We had a “sea” day after a week in ports and on tours. There was a reception on board that we were invited to attend but we skipped it in favour of spending the day on deck watching the coast go by. It wasn’t what you could call a lovely day; it was cold and very windy, but we enjoyed being outside rather than doing chit chat in the dining room.

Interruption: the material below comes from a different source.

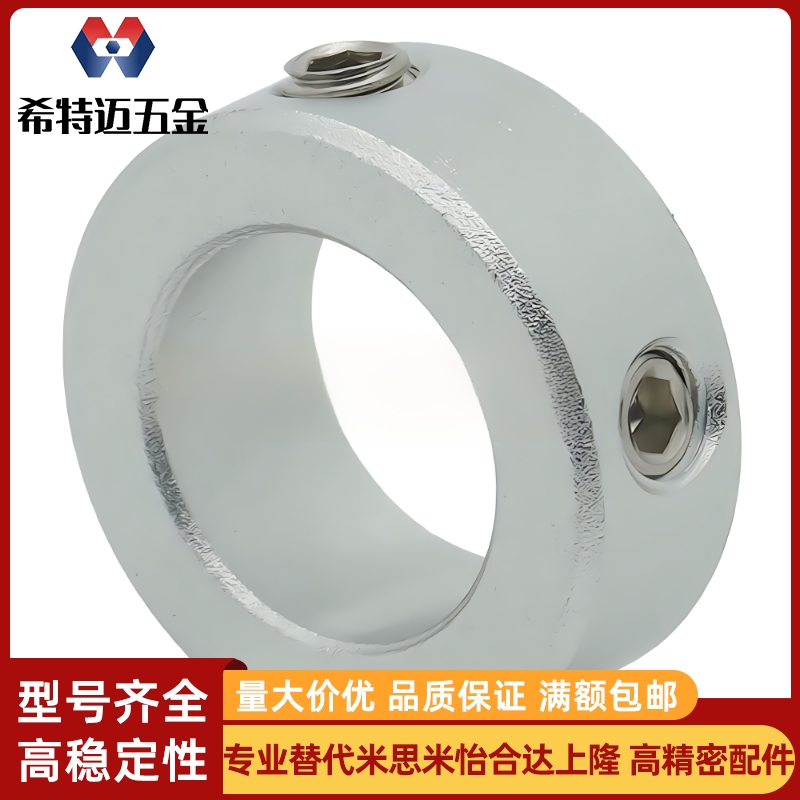 SCCN SCCAW固定环止动光轴环轴套轴承限位环挡15/20/25/30-8/12/6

The Bosporus Strait is a 32 km (20 mile) long narrow strip of water that separates the Black Sea from the Sea of Marmara which is a small body of water on the northwestern edge of Turkey. The city of Istanbul straddles the Bosporus Strait, separating Europe and Asia. The strait varies in width from half a mile to a mile and a half. The water runs swiftly due to two different opposing currents. Nearly 40,000 ships navigate the channel every year.We spent the morning on deck as we sailed back from the Black Sea through the Bosporus Strait and past Istanbul again. Sailing under the Bosporus Bridge. The Asia side is mostly residential. The European side is home to old Istanbul with Hagia Sophia, the Blue Mosque and Topkapi Palace easily visible from the water.

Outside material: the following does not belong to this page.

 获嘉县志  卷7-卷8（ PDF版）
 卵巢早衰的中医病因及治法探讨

The Sea of Marmara is 282 km (175 miles) long, at the longest point. It is a fairly constricted lake just 80 km (50 miles) wide at its widest; but it is deep (up to 1372 m or 4,500 feet) at the center. It took the ship all afternoon to navigate the Sea.
At the end of Sea of Marmara is another narrow channel of water called the Dardanelles which accesses the Aegean Sea near Greece. the Dardanelle Strait is 61 km (38 miles) long. It was formed during a cataclysmic geological event that sunk a portion of Asia Minor. The northern side of the Aegean entrance is the European Gallipoli Peninsula; the southern shore is Asia Minor, so the channel is truly a line between two continents.
We traversed the majority of the Dardanelles while we were at dinner but we went back on deck afterward and watched the lovely sunset. The next day we begin touring Greece and have another eight consecutive days in port and on tour.